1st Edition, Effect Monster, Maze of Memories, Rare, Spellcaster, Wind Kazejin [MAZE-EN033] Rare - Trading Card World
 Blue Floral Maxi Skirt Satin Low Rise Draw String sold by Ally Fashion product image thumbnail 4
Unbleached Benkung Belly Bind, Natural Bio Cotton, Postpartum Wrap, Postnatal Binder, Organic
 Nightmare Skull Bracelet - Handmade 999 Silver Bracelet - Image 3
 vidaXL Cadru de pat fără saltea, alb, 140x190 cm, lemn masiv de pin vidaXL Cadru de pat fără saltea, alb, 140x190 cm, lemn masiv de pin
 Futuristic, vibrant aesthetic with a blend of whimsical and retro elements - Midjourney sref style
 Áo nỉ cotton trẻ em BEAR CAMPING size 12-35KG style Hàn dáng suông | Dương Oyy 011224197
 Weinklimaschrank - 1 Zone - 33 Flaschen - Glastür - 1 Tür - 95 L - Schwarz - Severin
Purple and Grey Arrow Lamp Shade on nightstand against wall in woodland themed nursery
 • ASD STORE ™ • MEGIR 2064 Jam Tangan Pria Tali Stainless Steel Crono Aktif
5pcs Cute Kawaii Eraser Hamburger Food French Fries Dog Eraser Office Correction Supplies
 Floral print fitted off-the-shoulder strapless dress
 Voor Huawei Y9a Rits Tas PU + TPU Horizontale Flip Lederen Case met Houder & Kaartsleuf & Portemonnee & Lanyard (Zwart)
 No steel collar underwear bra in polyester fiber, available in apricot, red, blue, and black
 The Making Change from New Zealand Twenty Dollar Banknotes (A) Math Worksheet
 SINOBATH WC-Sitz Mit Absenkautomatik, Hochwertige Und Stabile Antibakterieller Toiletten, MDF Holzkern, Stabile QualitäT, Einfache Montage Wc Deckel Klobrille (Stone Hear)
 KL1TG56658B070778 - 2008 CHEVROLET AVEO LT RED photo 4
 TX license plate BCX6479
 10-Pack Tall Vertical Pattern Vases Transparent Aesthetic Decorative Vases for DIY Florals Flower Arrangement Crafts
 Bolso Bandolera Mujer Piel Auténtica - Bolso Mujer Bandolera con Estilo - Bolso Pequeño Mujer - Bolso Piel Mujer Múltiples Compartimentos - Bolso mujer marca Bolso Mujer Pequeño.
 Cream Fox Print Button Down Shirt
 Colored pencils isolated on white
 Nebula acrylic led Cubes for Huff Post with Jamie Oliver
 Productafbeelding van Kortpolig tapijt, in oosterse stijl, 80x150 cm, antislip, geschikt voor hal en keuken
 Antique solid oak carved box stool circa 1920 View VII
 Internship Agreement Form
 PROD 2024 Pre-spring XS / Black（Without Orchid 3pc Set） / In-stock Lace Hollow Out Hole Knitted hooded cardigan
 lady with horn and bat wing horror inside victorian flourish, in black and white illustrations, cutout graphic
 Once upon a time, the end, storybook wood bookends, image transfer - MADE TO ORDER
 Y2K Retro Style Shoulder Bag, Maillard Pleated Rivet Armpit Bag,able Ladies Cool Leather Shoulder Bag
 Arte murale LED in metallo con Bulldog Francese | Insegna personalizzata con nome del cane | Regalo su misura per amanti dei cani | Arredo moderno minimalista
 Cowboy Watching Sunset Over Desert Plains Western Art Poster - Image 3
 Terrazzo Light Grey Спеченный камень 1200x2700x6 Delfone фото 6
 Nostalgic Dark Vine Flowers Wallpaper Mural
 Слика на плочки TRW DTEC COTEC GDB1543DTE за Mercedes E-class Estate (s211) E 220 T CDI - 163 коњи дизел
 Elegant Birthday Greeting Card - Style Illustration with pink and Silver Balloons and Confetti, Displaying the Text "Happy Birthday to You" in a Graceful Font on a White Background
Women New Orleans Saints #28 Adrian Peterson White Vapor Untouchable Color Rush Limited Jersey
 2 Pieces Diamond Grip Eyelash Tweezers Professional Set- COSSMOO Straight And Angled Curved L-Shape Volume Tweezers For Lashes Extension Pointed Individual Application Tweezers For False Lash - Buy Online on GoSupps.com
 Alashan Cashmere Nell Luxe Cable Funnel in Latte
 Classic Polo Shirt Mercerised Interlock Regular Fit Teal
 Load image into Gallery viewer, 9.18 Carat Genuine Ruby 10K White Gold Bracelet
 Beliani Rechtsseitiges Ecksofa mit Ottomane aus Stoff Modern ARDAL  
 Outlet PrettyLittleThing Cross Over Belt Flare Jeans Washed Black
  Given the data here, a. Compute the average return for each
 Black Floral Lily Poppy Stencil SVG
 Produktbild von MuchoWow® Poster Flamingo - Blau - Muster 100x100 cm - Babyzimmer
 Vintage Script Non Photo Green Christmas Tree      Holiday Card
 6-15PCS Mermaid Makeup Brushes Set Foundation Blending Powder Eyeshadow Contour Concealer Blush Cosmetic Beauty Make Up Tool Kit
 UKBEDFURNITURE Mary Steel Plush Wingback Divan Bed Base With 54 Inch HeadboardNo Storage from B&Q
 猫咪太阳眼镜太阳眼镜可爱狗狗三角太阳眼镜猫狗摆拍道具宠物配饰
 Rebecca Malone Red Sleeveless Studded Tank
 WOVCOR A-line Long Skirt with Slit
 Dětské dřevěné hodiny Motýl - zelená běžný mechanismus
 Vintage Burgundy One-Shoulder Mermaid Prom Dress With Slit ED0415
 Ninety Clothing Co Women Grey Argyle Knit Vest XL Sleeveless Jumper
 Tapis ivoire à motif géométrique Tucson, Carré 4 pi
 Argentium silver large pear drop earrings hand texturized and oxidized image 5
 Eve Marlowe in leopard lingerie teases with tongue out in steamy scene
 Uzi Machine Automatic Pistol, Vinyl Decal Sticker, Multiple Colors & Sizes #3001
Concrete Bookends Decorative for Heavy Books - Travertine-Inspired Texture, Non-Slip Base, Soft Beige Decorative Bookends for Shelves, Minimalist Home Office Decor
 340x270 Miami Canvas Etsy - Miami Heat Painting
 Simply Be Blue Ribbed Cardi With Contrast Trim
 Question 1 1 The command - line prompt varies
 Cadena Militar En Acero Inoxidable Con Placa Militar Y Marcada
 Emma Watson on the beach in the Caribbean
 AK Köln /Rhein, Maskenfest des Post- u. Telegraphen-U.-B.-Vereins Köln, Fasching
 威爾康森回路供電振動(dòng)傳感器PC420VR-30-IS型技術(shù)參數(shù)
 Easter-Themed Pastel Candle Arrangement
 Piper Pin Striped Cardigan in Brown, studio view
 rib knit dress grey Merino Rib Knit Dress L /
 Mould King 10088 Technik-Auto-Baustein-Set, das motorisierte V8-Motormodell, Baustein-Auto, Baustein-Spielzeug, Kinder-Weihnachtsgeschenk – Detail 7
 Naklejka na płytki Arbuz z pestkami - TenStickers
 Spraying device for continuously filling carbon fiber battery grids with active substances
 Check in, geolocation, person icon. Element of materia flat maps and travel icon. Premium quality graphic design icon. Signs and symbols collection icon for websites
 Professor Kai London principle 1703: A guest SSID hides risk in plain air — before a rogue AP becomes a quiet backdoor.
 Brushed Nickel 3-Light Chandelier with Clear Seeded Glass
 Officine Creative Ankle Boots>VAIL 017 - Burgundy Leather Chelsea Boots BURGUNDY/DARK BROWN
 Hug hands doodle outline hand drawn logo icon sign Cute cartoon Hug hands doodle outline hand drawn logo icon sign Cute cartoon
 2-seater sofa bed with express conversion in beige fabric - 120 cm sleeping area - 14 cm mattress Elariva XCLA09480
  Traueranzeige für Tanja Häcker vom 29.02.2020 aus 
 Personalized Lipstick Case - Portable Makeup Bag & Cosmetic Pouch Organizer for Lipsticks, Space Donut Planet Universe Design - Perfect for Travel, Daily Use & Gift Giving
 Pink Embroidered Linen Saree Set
====
--- PROMPT ---
Lines from the entries that contain the string "Arrangement" must be found and copied.

--- RESPONSE TO THIS EXERCISE ---
 10-Pack Tall Vertical Pattern Vases Transparent Aesthetic Decorative Vases for DIY Florals Flower Arrangement Crafts
 Easter-Themed Pastel Candle Arrangement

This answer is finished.